Soldiers not told tours extended
  January 14, 2007 BY BRENDAN BERLS Star-Ledger Staff
  Three days after President Bush's plan to stabilize Iraq with more troops extended the combat tours of 159 members of the New Jersey National Guard, the news had yet to be broken to the soldiers themselves, family members said.
  Many of the soldiers, who will remain in Iraq for as much as 125 days longer than planned, still thought they'd be done in March and had already begun to pack for the flight home.
  That, as much as anything else, was a cause for anger yesterday as dozens of parents and spouses of the citizen soldiers vented their frustration to Gov. Jon Corzine and senior National Guard officers, who organized three town-hall-style meetings to answer as many of the families' questions as they could.
  "I spoke to my son this morning. ... He's already packing. He said, 'I'm coming home in March,'" Rosa Rosado of Newark, whose 23-year-old son Joseph Leon is one of the affected soldiers, said at the West Orange Armory.
  Like other soldiers to whom loved ones tried to break the news, Leon refused to believe his mother, dismissing the extension as "rumor" because he hadn't been told of it by his military superiors.
  Corzine and Maj. Gen. Glenn Reith, the state adjutant general, were sympathetic in their responses to the families and offered whatever moral and practical support the state had at its disposal. But they stressed that they have no authority or control over the New Jersey troops -- or how information is disseminated to them -- as long as they remain "federalized" by the Army.
  "This (extension) is involuntary, and it's absolutely unacceptable that the chain of command has not made it known to the soldiers," Corzine said. "It's flat-out wrong. I know it. I wish I could write out the orders myself, but I can't do that."
  Reith said his priority Thursday, after learning of the extension the night before, had been to notify every affected soldier's family before they learned of it in press accounts. That effort had mixed results.
  Laurie Schorno of Rockaway, whose son, Spc. Joseph Schorno, 24, was injured last fall by a roadside bomb, angrily described receiving an e-mail from her son on Friday in which he wrote excitedly of how he and his comrades were preparing to demobilize.
  "I disagree that the families should have known first. These guys should have known," Schorno said, drawing applause. "Forget about your chain of command -- go tell these boys what they should have known three days ago."
  The affected soldiers come from two units, the 2nd Battalion of the 102nd reconnaissance unit and the 250th Brigade Support Battalion. They drill from armories in West Orange, Vineland and Bordentown, where yesterday's family meetings were held.

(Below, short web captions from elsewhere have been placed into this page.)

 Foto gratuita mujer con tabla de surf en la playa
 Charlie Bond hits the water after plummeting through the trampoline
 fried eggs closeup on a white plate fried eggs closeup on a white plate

  Already deployed since 2005, including several months of training before being sent to Iraq, the soldiers will now have to stay there until late July or early August rather than late March. That means a second summer in Iraq, where temperatures can top 130 degrees.
  The units are stationed at a major Army base in Balad, north of Baghdad. Corzine, a Democrat who voted against the war as a U.S. senator, visited the soldiers there in November and pinned purple hearts on several, including Joseph Schorno.

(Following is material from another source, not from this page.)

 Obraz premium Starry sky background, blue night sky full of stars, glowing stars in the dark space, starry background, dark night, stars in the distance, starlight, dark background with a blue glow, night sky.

  Along with Bush's plan to increase the number of American troops in Iraq by about 20,000, the Pentagon on Thursday announced a shift in policy to allow National Guard and reserve forces to be called up as units rather than as individuals.
  That means some reservists who have already served in Iraq or Afghanistan will be remobilized without having spent the traditional five years at home. The duration of the call-ups, however, will be shortened from 18 months to 12 months.
  The changing rules were another source of angst yesterday for the soldiers' families. Among their questions: Will the soldiers continue the same mission? Will they still get leave? Once they finally do get home, how long before they're redeployed?
  For many of those questions, Reith and other senior National Guard staff did not have ready answers. But Reith promised to research each and answer every one of them.
  Reith also urged families to alert the guard if any civilian employers threaten to fire soldiers over their extended absences.
  None of the families spoke of any such problems at the West Orange meeting. But Rosado said her son was planning to enter the Newark Police Academy, which had a slot reserved for him this spring, and that slot may now be in jeopardy. She said she went to City Hall on Friday to see whether her son could still be accepted in the fall; she was told to write a letter.